▸ REQUIRED WORK:
Keep the pictures out and restate every record exactly.

------

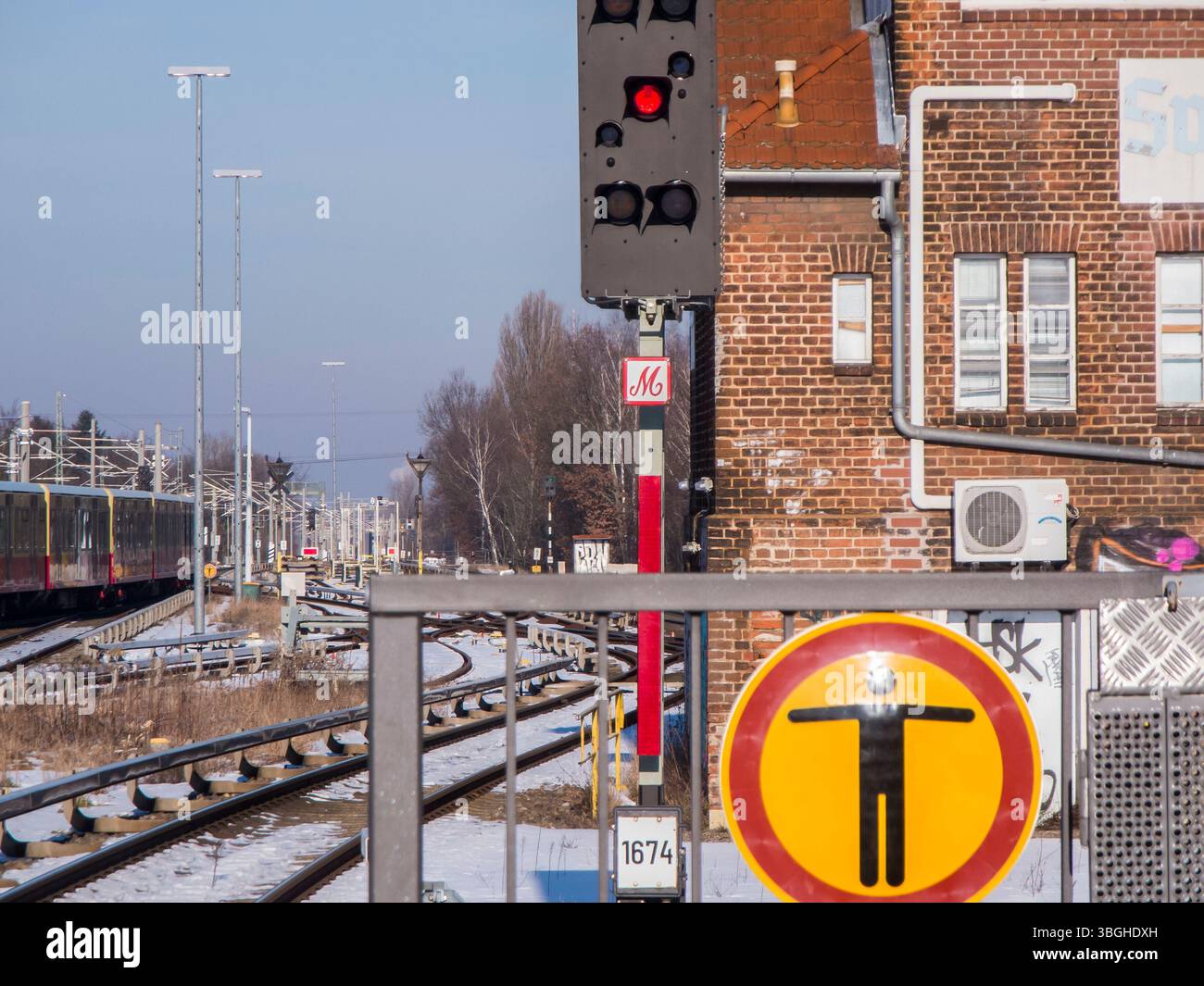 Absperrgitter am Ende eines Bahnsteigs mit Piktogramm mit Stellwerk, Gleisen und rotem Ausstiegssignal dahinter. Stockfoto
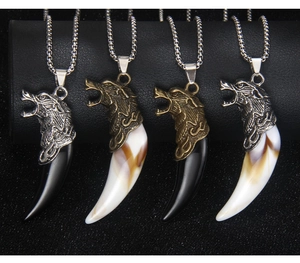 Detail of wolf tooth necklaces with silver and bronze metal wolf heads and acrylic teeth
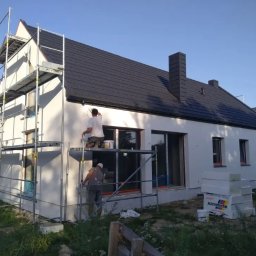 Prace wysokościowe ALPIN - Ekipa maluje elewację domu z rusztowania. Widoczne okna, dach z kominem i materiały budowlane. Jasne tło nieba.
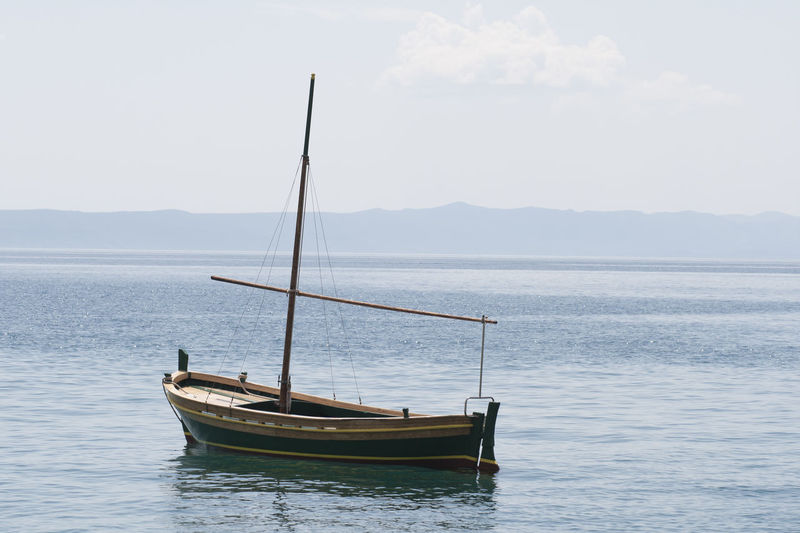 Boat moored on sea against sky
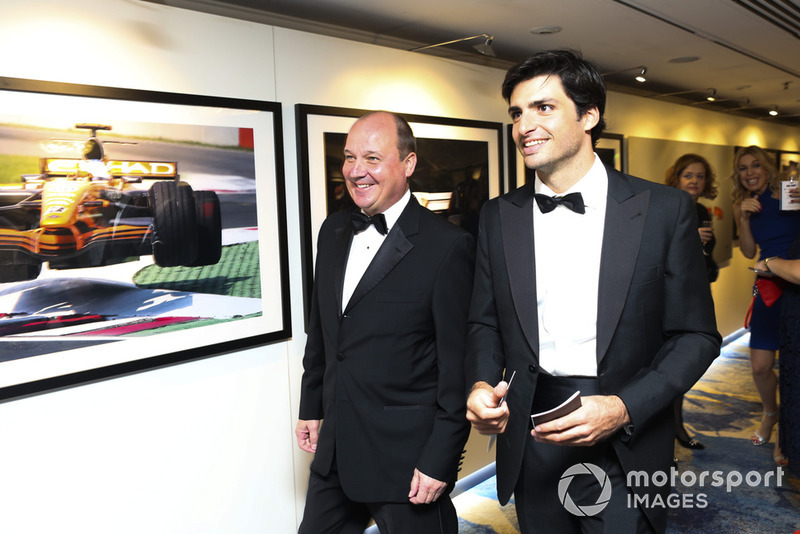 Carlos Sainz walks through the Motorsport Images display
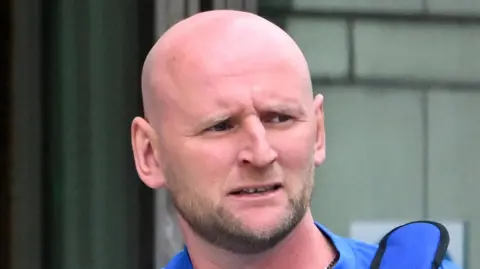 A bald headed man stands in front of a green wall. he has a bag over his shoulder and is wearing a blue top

------

▸ WRITTEN REPLY:
 Absperrgitter am Ende eines Bahnsteigs mit Piktogramm mit Stellwerk, Gleisen und rotem Ausstiegssignal dahinter. Stockfoto
 Detail of wolf tooth necklaces with silver and bronze metal wolf heads and acrylic teeth
 Prace wysokościowe ALPIN - Ekipa maluje elewację domu z rusztowania. Widoczne okna, dach z kominem i materiały budowlane. Jasne tło nieba.
 Boat moored on sea against sky
 Carlos Sainz walks through the Motorsport Images display
 A bald headed man stands in front of a green wall. he has a bag over his shoulder and is wearing a blue top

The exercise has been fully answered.